Tomorrow I'll know the run time improvement.
Thanks for spending time on this issue.
6 CPU-VPs for only 2 single core CPUs without hyperthreading?
I read about configuring 2 CPU-VPs per physical CPU/core if the GHz
value is high enough, but 3 VP/core?
And because the standard dbimport during dataload is single threaded I
would not expect a benefit from that.
I changed some parameters (see my reply to myself).
But I'll have a look at your dbimport replacement. I was not aware that
this is capable to do things in parallel.
Frank
I'm sorry, but I did not see a performance improvement for my dbimport
after changing those values.
The time for the dataload of the dbimport was again about 13 hours.
The index creation after wards took 3.5 hours.

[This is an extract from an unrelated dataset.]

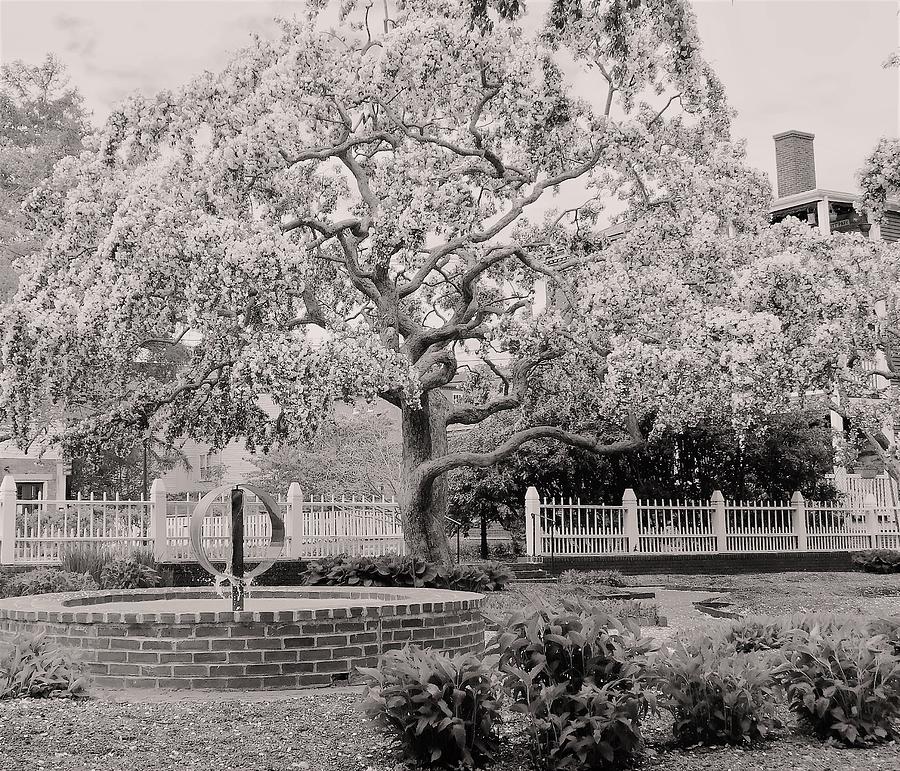 - Prescott Park Spring Tree  4 - black and white - Portsmouth NH Photograph by THERESA Nye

As I said, during data loading one CPU is completely busy.
The dbimport process is consuming about 50% of this CPU, the two CPU-VPs
the other half.
In total the dbimport process used about 6.25 h CPU time nearly
completely during load.
So when ftp.iiug.org is vailable again, I'll take a look at Art's
export/import replacement.
Just out of interest, post
onstat -g ioq
output (i.e. are you using KAIO, are you getting the performance out the disks you should be getting)

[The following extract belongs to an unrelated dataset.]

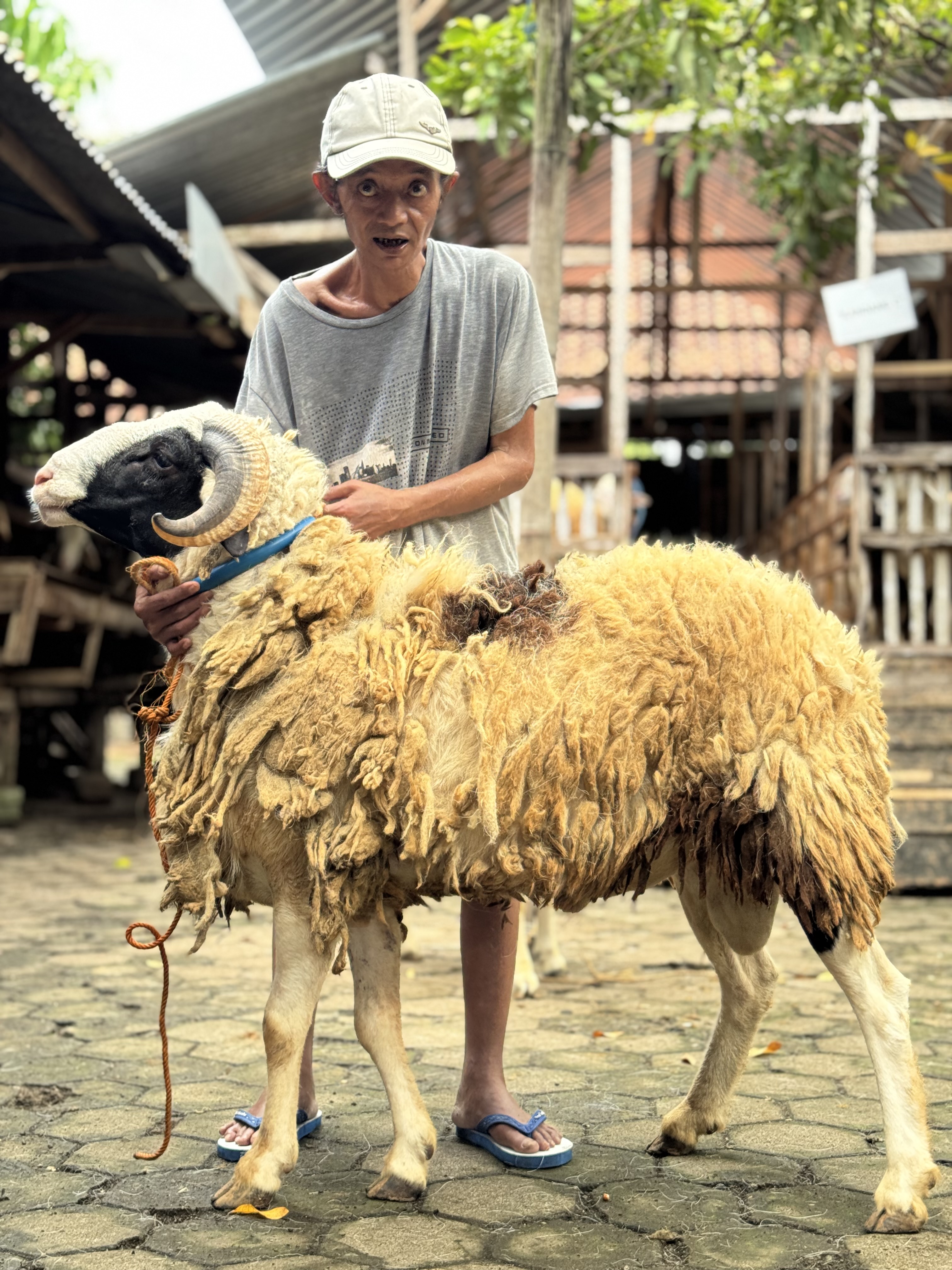 Sapi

This was one of the feature requests that I voted on at one of the
surveys that appeared in this group.
I have written a parallel tool simillar to this for cross platforms
migrations using insert/select, the enhancements would be:
- unload/load to file (uncluding gzip via mknod pipe to get around v7
2GB limits).
- use HPL (without or without gzip to a mknod pipe) when
systables,nrows indicates the table contains above a certain number of
rows.
(onpladm in the current releases of each product families makes this
easier).
Lets hope this feature request makes it into later versions.Oh, and
full cross platform dump load for databases (like Sybase already has).